Prove using both methods:

(1) definition of the limit

(2) rules for derivatives

Help Please!!!!!

By the definition of the derivative:
f'(x) = lim (h-->0) [f(x + h) - f(x)]/h.

So, the derivative of sin(x) is given by the limit:
d/dx sin(x) = lim (h-->0) [sin(x + h) - sin(x)]/h.

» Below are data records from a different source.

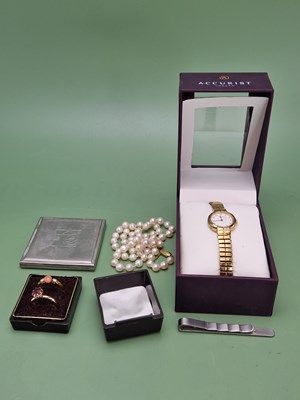 Lot 1127 - A vintage coral and old cut diamond three...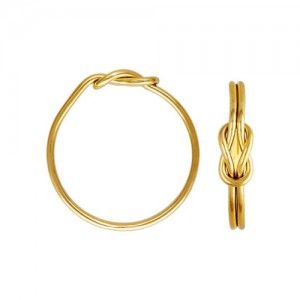 Double Long Love Knot Ring Size 6 GP - 5개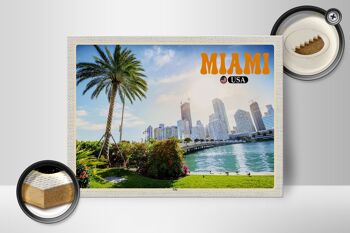 Panneau en bois voyage 40x30cm Miami USA ville mer palmier vacances 2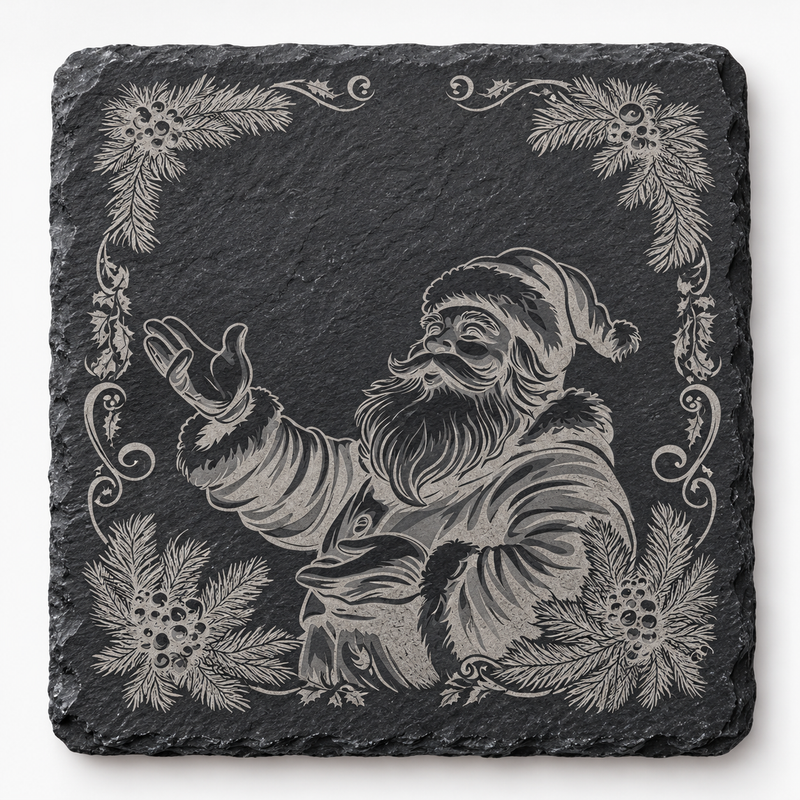 Santa Evergreen Frame Christmas Slate Coaster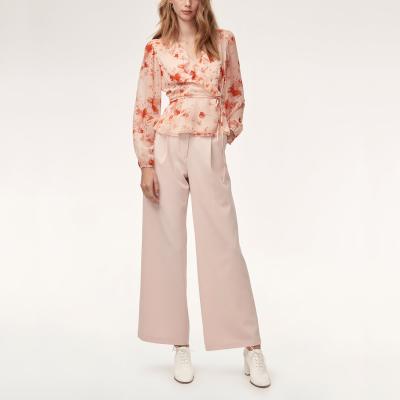 China 2019 Viable Women Tops Office Designs Formal Sheer Chiffon And Waterfall Blouses for sale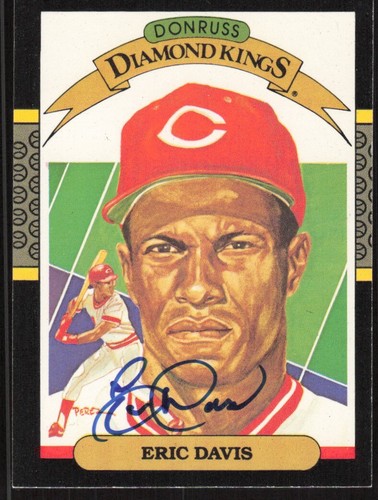 1987 Leaf Diamond King Eric Davis Auto Cincinnati Reds #22 COA Card Signed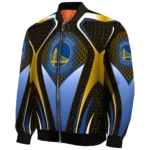 custom golden state warriors mesh chest black bomber jacket best selling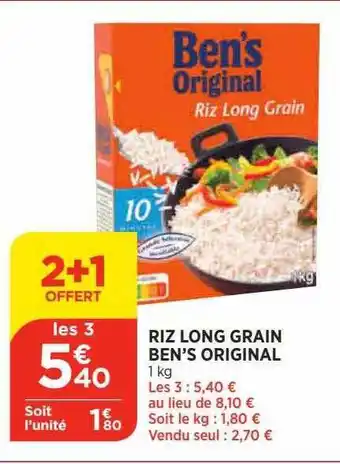 Bi1 Riz long grain ben's original offre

Using the sine addition formula, this becomes:
lim (h-->0) [sin(x)cos(h) + cos(x)sin(h) - sin(x)]/h
= lim (h-->0) [sin(x)cos(h) - sin(x) + cos(x)sin(h)]/h, by re-arranging
= lim (h-->0) {sin(x)[cos(h) - 1] + cos(x)sin(h)]/h, by factoring out sin(x)
= lim (h-->0) {sin(x)[cos(h) - 1]/h + cos(x)[sin(h)/h]}.

Using the special limits:
lim (h-->0) [cos(h) - 1]/h = 0 and lim (h-->0) sin(h)/h = 1,

this limit equals sin(x)(0) + cos(x)(1) = cos(x). Therefore:
d/dx sin(x) = cos(x), as required.

As for your second question, what do you mean by "rules for derivatives?" The only proofs of the derivative of sin(x) that are not fallacious use the definition of the derivative.

limit (sin(x+t)-sinx)/t = limit 2cos((x+t+x)/2)sin((x+t-x)/2)/t
= cos (x+t/2) * sin(t/2) / (t/2)
when t -> 0 sint/t -> 1
so the limit = cosx